I guess I should get to the inevitable and standard question: What do you think about the industry's focus shifting away from adventure games?

In my opinion I've observed the gaming industry to be extremely cyclic as we introduce new platforms, new consumers continue to come into the market. Ease of use promotes greater mass market appeal for story based adventure games for users less interested in more twitch and shoot style arcade play. Obviously there will always be audiences for both genres, but I strongly believe there can be an expanding market for adventure games in the future based upon the evolution of broad band internet and other platforms providing a suitable delivery medium and growing user base.
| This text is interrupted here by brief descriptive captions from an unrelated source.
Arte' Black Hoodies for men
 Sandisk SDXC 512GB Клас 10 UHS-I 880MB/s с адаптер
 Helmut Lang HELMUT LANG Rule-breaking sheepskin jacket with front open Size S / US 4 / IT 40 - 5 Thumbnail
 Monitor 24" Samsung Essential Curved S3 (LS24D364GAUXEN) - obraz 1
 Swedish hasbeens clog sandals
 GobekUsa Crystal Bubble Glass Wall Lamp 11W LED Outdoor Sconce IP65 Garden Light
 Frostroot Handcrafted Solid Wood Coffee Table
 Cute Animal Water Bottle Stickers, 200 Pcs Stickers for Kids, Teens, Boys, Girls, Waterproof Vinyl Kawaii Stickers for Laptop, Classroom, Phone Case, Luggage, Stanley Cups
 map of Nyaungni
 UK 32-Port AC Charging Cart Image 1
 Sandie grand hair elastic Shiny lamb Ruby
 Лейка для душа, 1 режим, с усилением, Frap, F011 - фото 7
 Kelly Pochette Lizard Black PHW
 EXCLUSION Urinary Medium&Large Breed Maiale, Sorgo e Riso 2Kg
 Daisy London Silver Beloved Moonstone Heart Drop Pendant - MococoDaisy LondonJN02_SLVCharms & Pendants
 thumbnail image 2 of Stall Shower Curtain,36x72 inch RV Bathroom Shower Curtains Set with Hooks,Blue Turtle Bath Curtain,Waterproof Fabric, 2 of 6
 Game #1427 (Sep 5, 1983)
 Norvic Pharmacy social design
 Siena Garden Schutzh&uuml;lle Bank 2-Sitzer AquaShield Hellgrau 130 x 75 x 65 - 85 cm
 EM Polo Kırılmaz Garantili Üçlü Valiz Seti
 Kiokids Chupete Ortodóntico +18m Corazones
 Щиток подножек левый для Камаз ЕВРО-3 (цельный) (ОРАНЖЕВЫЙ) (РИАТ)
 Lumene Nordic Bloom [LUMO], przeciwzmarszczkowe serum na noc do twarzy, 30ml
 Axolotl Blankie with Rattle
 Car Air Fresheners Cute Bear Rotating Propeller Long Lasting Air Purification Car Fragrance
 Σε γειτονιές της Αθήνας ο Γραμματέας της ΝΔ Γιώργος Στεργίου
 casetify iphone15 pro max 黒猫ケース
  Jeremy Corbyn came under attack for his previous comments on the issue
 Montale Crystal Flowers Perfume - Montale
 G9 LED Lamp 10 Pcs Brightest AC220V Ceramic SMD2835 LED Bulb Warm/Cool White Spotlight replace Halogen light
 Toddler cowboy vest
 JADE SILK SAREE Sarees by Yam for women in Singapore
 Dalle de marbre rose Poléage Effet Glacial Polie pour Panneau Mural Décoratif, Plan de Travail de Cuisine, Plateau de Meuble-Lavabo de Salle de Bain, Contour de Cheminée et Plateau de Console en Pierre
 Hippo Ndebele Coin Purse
What advice would you give to people today who are interested in getting into the computer game industry, either as an artist, writer, or even project leader?

Make sure you take the time to learn the basics and start at the beginning. It's pretty unlikely that a serious company will hire anyone for one of these positions unless they have some track record in that area. I know this sounds familiar and feels like the chicken and egg problem however there's lots of ways to approach getting started. Obviously do as much studying and work in the area you've chosen. Many companies offer apprentice or intern programs, check them out. On the art side build up the most impressive portfolio possible. In the event that you have the opportunity to show your work to a particular company make sure it has a connection to their product line or other areas they are interested in. For example if the company primarily makes 3D space games, show them examples of 3D space ships not pencil drawings of people's faces. If you don't have the right material concentrate on building up that part of your presentation before you burn that opportunity to show off your work.

And finally, do you think there is a serious lack of purple meteors and talking tentacles in games today?

Sure... But the easiest way to fix that would be another sequel to Maniac I don't know if it's in the cards, you probably have a better idea about that than I do. If Lucasarts ever decides to do one I know I'd be happy to consult on the design.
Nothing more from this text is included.